[Caption-style text data]
########################################

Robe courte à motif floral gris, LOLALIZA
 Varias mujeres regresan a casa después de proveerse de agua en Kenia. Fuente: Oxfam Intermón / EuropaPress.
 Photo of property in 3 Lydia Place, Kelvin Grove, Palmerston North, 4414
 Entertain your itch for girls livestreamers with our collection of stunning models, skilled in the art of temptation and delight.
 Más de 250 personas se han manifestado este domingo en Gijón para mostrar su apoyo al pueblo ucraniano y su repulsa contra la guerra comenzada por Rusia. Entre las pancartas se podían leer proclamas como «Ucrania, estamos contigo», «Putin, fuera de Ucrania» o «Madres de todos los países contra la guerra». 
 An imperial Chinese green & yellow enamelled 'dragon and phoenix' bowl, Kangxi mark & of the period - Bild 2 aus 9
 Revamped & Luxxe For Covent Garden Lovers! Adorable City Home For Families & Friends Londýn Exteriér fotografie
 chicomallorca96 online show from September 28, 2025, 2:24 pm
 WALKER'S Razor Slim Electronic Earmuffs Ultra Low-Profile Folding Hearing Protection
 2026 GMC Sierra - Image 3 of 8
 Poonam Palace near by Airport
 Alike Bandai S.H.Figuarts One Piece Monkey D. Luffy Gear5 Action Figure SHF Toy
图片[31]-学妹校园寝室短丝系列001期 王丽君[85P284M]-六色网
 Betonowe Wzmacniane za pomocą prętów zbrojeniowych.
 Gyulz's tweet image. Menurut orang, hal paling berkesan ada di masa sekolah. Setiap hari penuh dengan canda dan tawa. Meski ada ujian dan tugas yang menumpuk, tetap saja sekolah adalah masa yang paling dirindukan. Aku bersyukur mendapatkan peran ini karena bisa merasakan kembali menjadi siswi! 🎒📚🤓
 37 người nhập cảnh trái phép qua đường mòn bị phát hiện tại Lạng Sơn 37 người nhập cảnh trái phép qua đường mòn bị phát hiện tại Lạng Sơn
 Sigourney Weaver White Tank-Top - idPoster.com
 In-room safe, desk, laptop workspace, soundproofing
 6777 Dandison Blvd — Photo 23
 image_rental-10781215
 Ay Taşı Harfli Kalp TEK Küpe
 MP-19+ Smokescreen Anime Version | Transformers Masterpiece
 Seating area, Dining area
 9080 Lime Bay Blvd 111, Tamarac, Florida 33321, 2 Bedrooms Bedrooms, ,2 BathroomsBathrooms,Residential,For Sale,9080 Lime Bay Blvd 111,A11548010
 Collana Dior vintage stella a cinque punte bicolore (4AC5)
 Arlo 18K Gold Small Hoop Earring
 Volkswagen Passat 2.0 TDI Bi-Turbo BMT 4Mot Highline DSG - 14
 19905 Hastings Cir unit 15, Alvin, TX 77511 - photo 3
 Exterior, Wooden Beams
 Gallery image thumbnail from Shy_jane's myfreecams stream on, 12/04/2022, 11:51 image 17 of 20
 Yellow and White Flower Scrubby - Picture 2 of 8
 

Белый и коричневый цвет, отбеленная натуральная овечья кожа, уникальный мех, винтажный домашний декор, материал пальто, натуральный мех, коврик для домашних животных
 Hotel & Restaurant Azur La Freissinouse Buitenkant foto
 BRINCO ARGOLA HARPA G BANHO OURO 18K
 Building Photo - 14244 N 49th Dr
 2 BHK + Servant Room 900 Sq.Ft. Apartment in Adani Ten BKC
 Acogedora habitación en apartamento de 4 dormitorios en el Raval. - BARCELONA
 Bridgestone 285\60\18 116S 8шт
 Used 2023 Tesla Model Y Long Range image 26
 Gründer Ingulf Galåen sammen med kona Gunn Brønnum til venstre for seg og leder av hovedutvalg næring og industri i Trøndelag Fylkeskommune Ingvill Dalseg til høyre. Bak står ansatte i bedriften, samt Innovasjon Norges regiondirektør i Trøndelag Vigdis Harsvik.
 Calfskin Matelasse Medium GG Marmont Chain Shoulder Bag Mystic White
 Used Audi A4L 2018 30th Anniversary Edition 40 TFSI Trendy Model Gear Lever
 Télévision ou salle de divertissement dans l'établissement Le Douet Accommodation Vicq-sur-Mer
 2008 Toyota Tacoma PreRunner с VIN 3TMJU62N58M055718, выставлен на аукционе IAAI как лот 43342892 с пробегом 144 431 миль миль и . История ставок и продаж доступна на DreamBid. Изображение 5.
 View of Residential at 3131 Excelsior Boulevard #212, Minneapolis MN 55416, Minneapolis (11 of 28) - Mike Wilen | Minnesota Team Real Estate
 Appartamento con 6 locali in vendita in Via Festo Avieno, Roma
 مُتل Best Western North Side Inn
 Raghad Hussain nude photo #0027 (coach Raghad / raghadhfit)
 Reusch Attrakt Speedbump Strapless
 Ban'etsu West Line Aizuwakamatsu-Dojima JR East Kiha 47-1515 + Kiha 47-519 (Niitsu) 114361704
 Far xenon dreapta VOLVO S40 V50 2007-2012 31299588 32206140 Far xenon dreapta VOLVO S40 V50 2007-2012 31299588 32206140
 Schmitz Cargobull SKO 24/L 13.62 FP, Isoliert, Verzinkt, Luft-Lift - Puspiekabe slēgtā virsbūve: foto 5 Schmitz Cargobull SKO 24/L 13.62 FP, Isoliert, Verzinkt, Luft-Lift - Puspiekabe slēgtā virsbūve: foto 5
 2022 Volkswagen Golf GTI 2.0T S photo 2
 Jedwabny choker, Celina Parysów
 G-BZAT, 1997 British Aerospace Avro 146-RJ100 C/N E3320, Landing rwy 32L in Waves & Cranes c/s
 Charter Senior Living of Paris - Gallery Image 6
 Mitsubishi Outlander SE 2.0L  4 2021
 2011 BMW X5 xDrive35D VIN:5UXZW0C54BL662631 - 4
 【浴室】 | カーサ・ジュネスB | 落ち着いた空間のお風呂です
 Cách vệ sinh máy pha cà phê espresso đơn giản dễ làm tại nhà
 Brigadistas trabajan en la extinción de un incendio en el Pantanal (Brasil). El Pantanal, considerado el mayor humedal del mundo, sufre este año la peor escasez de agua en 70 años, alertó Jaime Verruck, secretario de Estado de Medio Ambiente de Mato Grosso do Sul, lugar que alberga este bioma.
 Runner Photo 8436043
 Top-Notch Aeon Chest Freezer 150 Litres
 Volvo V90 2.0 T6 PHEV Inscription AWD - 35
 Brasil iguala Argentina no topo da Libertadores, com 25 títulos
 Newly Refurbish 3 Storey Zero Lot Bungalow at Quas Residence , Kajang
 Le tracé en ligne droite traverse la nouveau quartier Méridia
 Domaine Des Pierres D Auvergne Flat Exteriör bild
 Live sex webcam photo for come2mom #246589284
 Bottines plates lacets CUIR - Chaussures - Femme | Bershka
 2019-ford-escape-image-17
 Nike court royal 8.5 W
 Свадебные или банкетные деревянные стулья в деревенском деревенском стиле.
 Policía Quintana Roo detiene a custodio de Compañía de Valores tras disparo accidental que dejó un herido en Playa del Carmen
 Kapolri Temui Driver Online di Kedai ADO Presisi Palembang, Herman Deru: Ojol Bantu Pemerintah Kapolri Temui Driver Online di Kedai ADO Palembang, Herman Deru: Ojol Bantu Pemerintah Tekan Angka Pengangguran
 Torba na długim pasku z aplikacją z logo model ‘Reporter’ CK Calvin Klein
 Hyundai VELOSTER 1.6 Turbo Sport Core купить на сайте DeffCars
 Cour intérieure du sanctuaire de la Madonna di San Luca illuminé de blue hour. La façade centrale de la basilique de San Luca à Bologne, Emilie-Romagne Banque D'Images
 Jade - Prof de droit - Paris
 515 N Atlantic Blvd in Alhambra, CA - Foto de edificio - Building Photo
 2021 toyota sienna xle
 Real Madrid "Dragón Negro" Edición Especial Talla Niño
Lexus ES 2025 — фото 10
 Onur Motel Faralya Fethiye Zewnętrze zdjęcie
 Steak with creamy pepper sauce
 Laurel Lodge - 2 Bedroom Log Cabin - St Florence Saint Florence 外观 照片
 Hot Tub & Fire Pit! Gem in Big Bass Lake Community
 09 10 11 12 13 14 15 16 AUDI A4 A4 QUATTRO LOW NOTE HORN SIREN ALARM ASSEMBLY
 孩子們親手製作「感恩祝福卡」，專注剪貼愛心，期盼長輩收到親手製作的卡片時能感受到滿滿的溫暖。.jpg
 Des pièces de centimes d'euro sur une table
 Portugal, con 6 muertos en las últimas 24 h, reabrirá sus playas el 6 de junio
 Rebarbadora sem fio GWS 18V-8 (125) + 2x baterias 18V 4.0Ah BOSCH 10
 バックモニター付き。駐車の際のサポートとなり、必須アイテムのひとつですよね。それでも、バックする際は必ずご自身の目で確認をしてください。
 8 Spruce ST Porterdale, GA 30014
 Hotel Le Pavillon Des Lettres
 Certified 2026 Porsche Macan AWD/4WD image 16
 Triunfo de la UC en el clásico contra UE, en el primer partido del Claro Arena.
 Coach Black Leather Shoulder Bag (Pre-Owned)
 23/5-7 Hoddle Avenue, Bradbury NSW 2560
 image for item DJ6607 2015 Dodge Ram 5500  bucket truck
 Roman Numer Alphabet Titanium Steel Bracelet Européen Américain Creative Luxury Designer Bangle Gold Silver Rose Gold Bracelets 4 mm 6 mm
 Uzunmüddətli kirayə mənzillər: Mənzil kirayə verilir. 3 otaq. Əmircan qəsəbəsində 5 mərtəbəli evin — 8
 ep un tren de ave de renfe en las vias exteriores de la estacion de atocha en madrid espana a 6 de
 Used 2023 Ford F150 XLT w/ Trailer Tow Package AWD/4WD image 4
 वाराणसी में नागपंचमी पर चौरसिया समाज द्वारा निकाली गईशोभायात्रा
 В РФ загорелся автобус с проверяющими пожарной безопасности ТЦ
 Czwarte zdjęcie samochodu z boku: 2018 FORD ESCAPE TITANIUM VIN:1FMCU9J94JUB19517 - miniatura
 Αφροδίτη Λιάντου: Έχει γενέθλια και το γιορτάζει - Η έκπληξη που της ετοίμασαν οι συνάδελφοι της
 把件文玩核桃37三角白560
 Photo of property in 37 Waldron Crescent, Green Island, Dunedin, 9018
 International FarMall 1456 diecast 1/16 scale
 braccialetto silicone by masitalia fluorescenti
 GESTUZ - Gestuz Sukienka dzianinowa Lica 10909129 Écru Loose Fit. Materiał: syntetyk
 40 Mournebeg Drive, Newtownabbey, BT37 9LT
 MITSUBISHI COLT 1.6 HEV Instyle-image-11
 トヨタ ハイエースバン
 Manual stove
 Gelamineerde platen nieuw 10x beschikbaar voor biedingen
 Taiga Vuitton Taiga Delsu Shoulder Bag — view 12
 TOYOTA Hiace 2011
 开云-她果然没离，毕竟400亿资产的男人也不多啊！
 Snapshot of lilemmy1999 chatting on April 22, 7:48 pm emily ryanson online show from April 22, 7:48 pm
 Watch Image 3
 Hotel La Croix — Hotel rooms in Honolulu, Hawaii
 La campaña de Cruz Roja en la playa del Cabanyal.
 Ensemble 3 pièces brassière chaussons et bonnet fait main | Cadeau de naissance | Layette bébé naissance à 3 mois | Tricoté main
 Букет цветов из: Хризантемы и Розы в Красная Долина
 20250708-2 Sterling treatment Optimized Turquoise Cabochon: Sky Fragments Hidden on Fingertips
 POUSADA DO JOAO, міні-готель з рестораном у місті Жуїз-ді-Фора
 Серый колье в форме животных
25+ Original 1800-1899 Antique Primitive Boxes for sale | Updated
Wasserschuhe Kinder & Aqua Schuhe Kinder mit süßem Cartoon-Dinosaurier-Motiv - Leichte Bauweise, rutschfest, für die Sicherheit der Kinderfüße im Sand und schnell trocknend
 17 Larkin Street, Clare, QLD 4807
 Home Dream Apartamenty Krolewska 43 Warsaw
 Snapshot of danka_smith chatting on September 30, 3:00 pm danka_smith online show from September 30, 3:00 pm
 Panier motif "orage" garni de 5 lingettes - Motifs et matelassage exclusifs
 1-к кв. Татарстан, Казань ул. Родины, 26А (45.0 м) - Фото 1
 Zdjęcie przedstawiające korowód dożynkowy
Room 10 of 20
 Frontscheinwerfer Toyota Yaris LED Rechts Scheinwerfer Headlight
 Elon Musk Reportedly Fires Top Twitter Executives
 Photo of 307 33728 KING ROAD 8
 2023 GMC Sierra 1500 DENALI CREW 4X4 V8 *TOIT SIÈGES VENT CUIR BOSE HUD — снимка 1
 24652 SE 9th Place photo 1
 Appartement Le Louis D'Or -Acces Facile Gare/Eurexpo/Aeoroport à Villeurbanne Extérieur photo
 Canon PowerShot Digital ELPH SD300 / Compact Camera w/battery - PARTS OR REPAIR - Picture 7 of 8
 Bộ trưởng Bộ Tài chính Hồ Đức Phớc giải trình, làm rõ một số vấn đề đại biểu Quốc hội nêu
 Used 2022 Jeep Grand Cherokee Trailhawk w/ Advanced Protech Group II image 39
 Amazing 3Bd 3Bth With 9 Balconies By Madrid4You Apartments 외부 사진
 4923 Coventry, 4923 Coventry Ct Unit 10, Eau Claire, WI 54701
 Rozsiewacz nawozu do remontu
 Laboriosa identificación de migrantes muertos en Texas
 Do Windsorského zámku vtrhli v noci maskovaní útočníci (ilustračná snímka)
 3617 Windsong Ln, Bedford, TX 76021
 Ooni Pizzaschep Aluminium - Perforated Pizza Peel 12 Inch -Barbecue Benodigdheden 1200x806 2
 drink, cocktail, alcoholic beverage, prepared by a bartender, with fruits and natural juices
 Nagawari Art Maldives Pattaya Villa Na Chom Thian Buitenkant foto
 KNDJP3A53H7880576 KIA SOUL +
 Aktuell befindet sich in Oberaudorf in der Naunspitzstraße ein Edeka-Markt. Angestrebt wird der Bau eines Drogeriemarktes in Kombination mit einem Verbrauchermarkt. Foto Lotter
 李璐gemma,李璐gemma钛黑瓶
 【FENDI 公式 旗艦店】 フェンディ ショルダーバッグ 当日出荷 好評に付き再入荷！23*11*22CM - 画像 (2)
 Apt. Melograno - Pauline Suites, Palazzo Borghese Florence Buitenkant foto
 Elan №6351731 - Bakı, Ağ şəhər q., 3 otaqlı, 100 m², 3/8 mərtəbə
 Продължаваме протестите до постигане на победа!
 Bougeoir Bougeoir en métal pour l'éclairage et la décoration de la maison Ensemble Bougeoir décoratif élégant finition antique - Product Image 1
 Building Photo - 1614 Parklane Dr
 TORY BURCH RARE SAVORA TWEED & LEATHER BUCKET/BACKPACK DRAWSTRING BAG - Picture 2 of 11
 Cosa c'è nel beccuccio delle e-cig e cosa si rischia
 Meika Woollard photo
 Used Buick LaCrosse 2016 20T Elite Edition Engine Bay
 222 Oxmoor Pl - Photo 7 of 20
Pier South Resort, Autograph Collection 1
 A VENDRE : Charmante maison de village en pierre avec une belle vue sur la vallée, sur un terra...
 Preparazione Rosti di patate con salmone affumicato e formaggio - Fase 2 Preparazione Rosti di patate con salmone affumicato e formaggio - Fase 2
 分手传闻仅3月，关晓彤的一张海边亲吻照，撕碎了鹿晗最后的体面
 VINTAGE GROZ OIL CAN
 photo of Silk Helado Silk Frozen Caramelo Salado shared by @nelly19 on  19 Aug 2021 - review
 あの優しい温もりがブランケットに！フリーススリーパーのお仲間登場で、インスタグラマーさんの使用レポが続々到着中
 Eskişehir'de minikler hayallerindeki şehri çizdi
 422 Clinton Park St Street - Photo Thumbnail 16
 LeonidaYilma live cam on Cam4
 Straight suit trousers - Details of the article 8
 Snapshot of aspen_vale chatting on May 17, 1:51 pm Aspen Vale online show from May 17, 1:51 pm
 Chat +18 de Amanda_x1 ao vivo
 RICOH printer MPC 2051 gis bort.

########################################

_Aim of the exercise_. Set the lines down exactly, from the first line of the records to the line where "Photo of property in 3 Lydia" appears, with both ends kept.

_Exercise result_.
Robe courte à motif floral gris, LOLALIZA
 Varias mujeres regresan a casa después de proveerse de agua en Kenia. Fuente: Oxfam Intermón / EuropaPress.
 Photo of property in 3 Lydia Place, Kelvin Grove, Palmerston North, 4414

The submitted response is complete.